Stopped by a random thrift store in Santa Ana, Ca, and I found a almost mint dark burgendy (Sp?) peugeot road bike. I first said to myself "damn this is a cool looking frame, only seen them in silver, but probably to heavy for my tastes..." im such a damn dork.

well I bought it anyways, took of all the reflectors, and it weighed about 22-23 pounds which isnt bad. My goal is to bring to the 20 pound area, with egg beaters, new saddle, tires, tubes, chain, skewers. You guys think this is possible? I still want the bike to have the old flair its supposed to have, otherwise it would just turn into a SS, which is cool too....

some tid bits
-chromoly 501 frame
-weimann brakes
-Sachs hurst derauiler (can someone tell me about these, history? thanks)

anyways I never find cool bikes at thrift stores, while these are pretty common, it was nice to find one in great condition, and here is a pic of a similar one..


----------



## split (Jan 12, 2004)

*cool*

Wow, I went hunting for one of those frames a while back locally, but just ended up getting one on ebay. The 501's are nice frames. You're lucky to get the whole bike! French bikes are notorious for quircky part sizing (ie. 22mm heasets/stem, 26.4mm seatposts) so I got inpatient and gave up my project 501 (BTW it's on sale on Ebay right now ).
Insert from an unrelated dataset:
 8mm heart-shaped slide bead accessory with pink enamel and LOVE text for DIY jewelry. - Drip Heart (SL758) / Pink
Here's some info on Peugeot bikes. The lugged carbon race bike is on my wishlist for bikes to hang on the wall  .

http://home.wanadoo.nl/peugeotshow/

http://www.sheldonbrown.com/velos.html

http://www.classicrendezvous.com/France/Peugeot/PX10_history.htm


----------



## Flow 559 (Feb 13, 2004)

*I Can't Resist*

You can't say peugeot with out saying poo.


----------



## russw19 (Jul 26, 2004)

4 places to drop weight on that bike fast would be the seatpost, bar, stem, and if those are wire bead tires, replace them with Kevlar.
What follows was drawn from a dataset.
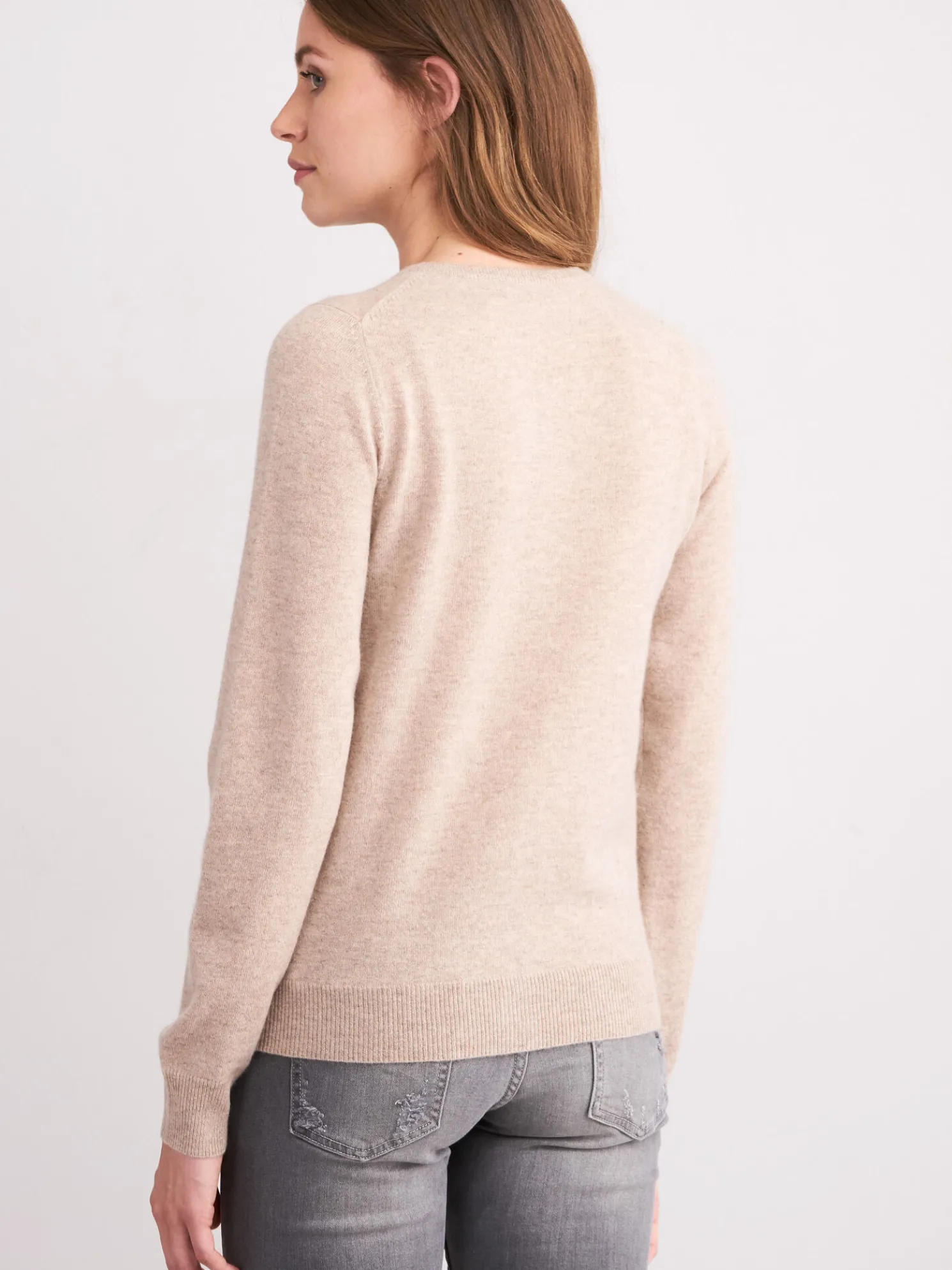 Basic Cashmere Cardigan Met Ronde Hals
Back in the 70's and 80's there really weren't many light seatposts, bars, or stems on the market... replace those with some mid-range alloy stuff and you can drop a lot of weight cheap. Even cheap parts like Trek's house brand Icon stuff on there will be a huge improvement.


----------



## split (Jan 12, 2004)

You could say that for other road bikes of that era, but unfortunately these French bikes use old French sizing (ie 22mm headsets and stems, 26.4mm seatposts). Even the brake bolt on some of these bikes is going to be different. About the only thing you can save weight with are wheels, cranks/BB (interestingly non-French but British thread), derailleur, shifters, and handlebar. I almost finished my build until I had to find brakes for my bike.


----------



## carbnjunkie (Aug 21, 2003)

*man*

Split,

your build looks dope. loving it. What kind of fork is on there? is that the stock seatpost? Current weight? anyways thanks for the inspiration man!

(also split, i know you dont have any stock parts for it, but i took off the stem the other day to take off the front reflectors, and in doing that i now can't screw the sucker back on, any help? )

thanks guys


----------